The Company will pay Maxim compensation of $75,456.82, based on a rate of 4.0% of the gross sales, for net proceeds to the Company
equal to $1,810,963.75. Such sales were made pursuant to the Company’s effective shelf registration statement on Form S-3
(File No. 333-223960), which was filed with the Securities and Exchange Commission (the “SEC”) on March 27, 2018, as
amended on May 15, 2018, and declared effective on June 5, 2018 (the “Registration Statement”), and a base prospectus
dated as of June 5, 2018 included in the Registration Statement and the prospectus supplement relating to the offering filed with
the SEC on March 3, 2020.
Exchange
Agreements
Since
April 13, 2020, the Company has entered into agreements to issue an aggregate of 975,000 shares of Common Stock (the “Exchange
Shares”) to the holder of that certain outstanding promissory note issued on August 8, 2019 (the “Original Note”),
at a weighted average price per share equal to $1.11, which was equal to the Minimum
Price as defined in Nasdaq Listing Rule 5635(d) in each case. Pursuant to such exchange agreements, the Company and the noteholder
agreed to (i) partition new promissory notes in the form of the Original Note in the aggregate original principal amount equal
to $1,080,000.00 and then cause the outstanding balance of the Original Note to be reduced by the same amount; and (ii) exchange
the partitioned notes for the delivery of the Exchange Shares.
Cautionary Note Regarding Forward-Looking
Statements
The information contained
in this Current Report on Form 8-K and the exhibits attached hereto contain “forward-looking” statements within the
meaning of the Private Securities Litigation Reform Act of 1995, including, without limitation, statements related to the benefits
of the Transaction. The words “intend,” “may,” “should,” “would,” “expect,”
“plan,” “anticipate,” “believe,” “estimate,” “predict,” “potential”

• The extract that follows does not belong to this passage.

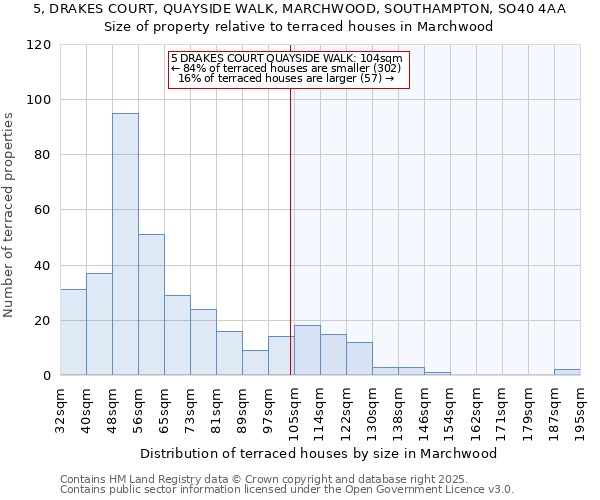 5, DRAKES COURT, QUAYSIDE WALK, MARCHWOOD, SOUTHAMPTON, SO40 4AA: Size of property relative to terraced houses houses in Marchwood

or “continue” or the negative of these terms or other comparable terminology are intended to identify forward-looking
statements, although not all forward-looking statements contain these identifying words. While the Company believes its plans,
intentions and expectations reflected in those forward-looking statements are reasonable, these plans, intentions or expectations
may not be achieved. The Company’s actual results, performance or achievements could differ materially from those contemplated,
expressed or implied by the forward-looking statements. For information about the factors that could cause such differences, please
refer to the Company’s filings with the SEC. Given these uncertainties, you should not place undue reliance on these forward-looking
statements. The Company assumes no obligation to update any forward-looking statement.